Dora Gabé est l’une des personnalités les plus intéressantes de la culture bulgare. Son œuvre littéraire fait partie non seulement de nos valeurs culturelles nationales, mais aussi de la mémoire, de l’histoire et du patrimoine culturel européens. La vie de la poétesse ressemble à un roman dans lequel s’entremêlent des amours passionnels et des séparations dramatiques, des rencontres intéressantes et des voyages passionnants. Une vie qui a duré presque un siècle, de 1888 à 1983.
La Radio nationale bulgare a conservé dans ses archives quelques réflexions de Dora Gabé sur la poésie:
“La poésie est dans l’essence profonde des choses et des phénomènes. Elle aide l’homme à fuir la monotonie récurrente du quotidien. Elle le sauve du poison de la vanité, des petitesses de l’égoïsme humain, de l’ennui. La poésie, elle est partout, dans tout ce qui nous entoure: le visible et l’invisible, le beau et le laid, la colère et la douceur, la haine et l’amour. Elle est dans la vie, matérielle et spirituelle. Si l’humanité avait les yeux pour la voir, les sens pour la saisir, si la poésie pouvait devenir une nécessité vitale, telle que l’air et le soleil, il n’y aurait pas de massacres. Si même dans les guerres, l’ennemi pouvait voir la poésie de l’exploit, du courage, l’hostilité se serait fondue, la cruauté se serait consumée.”
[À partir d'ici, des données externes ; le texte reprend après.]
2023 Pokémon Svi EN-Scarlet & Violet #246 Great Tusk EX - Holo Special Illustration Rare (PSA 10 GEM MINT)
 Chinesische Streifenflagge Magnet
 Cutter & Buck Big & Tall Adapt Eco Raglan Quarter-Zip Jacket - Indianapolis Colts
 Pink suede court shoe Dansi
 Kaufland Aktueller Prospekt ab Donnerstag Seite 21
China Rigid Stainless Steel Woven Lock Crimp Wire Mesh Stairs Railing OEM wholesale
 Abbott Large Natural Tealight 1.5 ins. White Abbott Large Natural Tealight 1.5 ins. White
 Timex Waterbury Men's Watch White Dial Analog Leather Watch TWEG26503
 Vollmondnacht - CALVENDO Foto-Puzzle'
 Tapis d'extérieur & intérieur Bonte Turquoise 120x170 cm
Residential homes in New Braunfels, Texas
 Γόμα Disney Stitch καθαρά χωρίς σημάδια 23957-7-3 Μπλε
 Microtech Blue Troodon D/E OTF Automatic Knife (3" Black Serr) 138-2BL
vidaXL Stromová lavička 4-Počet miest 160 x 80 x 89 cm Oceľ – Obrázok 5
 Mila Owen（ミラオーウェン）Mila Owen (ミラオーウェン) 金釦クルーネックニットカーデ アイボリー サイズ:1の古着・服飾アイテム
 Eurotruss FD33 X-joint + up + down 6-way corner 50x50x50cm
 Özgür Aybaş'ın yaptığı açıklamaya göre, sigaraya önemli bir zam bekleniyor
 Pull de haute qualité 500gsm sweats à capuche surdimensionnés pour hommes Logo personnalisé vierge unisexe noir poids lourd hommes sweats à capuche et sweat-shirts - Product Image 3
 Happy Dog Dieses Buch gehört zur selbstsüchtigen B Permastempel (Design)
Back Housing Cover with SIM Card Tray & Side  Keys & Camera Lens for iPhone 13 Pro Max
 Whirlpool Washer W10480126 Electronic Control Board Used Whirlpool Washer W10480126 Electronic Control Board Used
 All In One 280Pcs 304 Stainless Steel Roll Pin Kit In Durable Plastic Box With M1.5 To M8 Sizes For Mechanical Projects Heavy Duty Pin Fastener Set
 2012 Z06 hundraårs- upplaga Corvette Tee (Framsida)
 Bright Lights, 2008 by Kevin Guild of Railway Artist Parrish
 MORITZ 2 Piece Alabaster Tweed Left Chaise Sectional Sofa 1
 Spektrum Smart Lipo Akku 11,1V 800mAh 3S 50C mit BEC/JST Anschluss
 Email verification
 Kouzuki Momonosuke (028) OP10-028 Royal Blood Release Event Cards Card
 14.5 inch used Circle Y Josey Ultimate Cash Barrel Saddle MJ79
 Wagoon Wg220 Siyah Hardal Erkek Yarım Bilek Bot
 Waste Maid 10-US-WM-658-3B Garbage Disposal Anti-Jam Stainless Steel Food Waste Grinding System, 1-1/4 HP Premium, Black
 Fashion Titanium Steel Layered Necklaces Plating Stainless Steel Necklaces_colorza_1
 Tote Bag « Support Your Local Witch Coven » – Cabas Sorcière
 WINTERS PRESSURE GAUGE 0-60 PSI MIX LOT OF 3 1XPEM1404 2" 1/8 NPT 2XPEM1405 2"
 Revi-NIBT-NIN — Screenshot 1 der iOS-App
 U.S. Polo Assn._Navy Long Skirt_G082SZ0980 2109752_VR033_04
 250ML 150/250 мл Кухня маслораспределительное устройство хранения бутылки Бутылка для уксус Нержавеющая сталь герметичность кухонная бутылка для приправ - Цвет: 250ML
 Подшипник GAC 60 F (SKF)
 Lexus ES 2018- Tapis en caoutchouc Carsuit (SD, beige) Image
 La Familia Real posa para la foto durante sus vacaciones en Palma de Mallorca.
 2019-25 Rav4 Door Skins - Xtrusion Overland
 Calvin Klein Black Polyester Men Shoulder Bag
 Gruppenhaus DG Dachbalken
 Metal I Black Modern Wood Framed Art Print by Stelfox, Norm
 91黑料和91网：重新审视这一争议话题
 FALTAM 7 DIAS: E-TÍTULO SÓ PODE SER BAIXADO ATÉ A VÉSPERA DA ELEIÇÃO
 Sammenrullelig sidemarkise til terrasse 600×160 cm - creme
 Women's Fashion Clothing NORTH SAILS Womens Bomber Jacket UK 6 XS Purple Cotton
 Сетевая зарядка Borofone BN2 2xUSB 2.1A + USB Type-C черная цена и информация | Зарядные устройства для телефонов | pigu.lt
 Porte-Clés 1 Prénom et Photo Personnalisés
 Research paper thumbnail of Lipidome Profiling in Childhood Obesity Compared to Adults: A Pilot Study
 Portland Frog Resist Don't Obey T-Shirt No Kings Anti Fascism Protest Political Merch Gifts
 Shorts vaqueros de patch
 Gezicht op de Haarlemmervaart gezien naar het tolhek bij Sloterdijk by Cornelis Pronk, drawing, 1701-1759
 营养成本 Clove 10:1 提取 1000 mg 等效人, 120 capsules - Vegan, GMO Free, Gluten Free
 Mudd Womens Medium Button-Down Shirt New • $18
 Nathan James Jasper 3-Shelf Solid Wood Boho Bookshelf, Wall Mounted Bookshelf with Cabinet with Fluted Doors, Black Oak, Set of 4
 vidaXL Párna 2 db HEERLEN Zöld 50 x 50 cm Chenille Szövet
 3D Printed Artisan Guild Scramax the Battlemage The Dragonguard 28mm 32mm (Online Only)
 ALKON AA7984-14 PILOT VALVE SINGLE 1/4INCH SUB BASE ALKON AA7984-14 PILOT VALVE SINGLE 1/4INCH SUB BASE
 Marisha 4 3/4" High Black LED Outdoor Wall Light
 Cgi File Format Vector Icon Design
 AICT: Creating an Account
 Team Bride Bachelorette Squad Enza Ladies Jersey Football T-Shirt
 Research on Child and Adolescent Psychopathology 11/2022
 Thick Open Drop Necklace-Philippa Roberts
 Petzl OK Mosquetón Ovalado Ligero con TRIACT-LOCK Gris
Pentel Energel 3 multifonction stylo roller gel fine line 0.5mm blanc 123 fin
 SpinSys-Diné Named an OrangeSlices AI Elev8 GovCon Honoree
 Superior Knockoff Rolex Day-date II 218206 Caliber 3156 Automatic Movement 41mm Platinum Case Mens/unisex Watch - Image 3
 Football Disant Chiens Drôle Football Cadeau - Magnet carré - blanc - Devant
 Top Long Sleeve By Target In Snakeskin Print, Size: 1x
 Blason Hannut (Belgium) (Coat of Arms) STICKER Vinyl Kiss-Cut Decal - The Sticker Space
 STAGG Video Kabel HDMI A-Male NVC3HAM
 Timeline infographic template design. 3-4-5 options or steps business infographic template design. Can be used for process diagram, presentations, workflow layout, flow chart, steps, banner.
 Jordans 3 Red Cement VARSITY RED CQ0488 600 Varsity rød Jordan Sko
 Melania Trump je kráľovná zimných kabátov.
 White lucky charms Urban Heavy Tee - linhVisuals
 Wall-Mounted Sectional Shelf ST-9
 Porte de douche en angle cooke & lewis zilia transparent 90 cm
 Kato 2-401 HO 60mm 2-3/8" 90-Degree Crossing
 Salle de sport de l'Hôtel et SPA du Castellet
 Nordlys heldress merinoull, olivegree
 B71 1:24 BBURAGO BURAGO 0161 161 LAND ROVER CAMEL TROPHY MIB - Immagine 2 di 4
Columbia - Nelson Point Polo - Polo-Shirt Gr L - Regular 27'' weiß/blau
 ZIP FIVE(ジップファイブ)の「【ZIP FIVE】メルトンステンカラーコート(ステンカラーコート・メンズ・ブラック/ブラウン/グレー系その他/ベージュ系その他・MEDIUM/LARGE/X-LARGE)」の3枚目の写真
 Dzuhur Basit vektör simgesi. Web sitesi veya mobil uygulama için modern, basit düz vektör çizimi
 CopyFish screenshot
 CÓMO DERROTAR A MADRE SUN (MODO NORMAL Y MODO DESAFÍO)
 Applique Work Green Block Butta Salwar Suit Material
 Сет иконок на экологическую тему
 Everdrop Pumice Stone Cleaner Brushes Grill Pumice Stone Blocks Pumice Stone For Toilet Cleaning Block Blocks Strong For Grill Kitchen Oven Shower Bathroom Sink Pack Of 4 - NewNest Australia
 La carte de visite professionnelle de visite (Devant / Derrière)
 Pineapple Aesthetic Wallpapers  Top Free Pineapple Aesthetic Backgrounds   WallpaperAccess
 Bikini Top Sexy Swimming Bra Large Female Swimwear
L’intellectuelle européenne, la fondatrice du PEN club bulgare et sa présidente pendant des années, Dora Gabé avec Elissavéta Bagriana sont un phénomène exceptionnel dans la poésie bulgare du 20e siècle. Elle est la fille de Pétar Gabé, un immigré russe, personnalité publique, économiste et homme d’affaires. Dora termine ses études secondaires à Varna, en 1903, puis étudie les sciences naturelles à l’Université de Sofia. Mais la littérature l’attire et elle s’oriente vers les sciences humaines. Elle fait des études en philologie française à Genève et Grenoble et commence parallèlement à publier des poèmes dans les revues bulgares les plus prestigieuses de l’époque.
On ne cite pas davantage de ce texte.